A peine une heure et quart de musique, mais quelle musique ! Si cette 
version façon « opéra de chambre » privilégie logiquement les meilleurs 
morceaux de l’ouvrage, en une nouvelle dramaturgie où les solistes 
endossent alternativement tous les rôles, on se régale tout du long de 
l’imagination mélodique, tout autant que de la variété des coloris 
orchestraux et des climats. Si les nombreux passages pastoraux évoquent 
Watteau, magnifiés par les flûtes aériennes, très présentes, on retient 
aussi les envolées de caractère (orage notamment), admirablement 
différenciées par le travail sur les percussions.
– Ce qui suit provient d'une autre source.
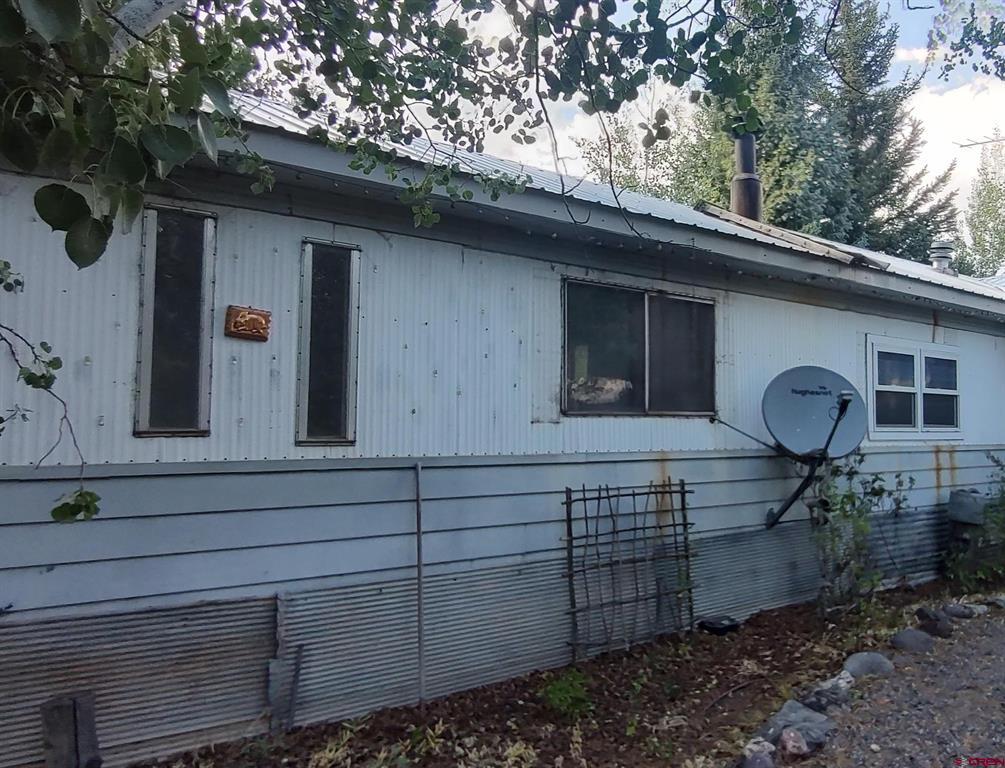166 Commanche Peak Road Property Photo 2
Avec cet ouvrage qui 
convoque toutes les ressources de l’orchestre, les musiciens semblent 
prendre un plaisir sincère à faire vivre cette musique de toute leur 
énergie communicative, le tout dans l’excellente acoustique des lieux, 
sans trop de réverbération. Seul le clavecin, tenu par le chef, apparaît
 malheureusement peu audible.
On retrouve les mêmes solistes qu’au disque, à l’exception de Jehanne 
Amzal, qui remplace Elodie Fonnard. L’ancienne lauréate du Concours 
international de chant Léopold Bellan, également deux fois lauréate de 
la fondation de l’Abbaye de Royaumont, impose une composition lumineuse,
 portée par des phrasés agiles et souples. A l’instar de sa comparse 
Eugénie Lefebvre, le médium est moins soutenu, mais ce n’est là qu’un 
détail à ce niveau. A ses côtés, Eugénie Lefebvre donne des accents 
tranchants à ses interventions, faisant vibrer la nef de toute sa 
puissance parfaitement maîtrisée. Elle sait aussi donner un visage plus 
émouvant à son rôle, en dernière partie, avec beaucoup de finesse. 
Enfin, Etienne Bazola compense une émission parfois voilée par une 
noblesse de ligne éloquente, au service d’une diction et d’une attention
 au texte particulièrement louables dans ce répertoire.
En bis, pour le plus grand bonheur de l’assistance, Les Surprises se 
saisissent du fameux « Tambourin » de François Rebel et François 
Francœur (extrait du Ballet de la paix de 1738), à la rythmique entraînante.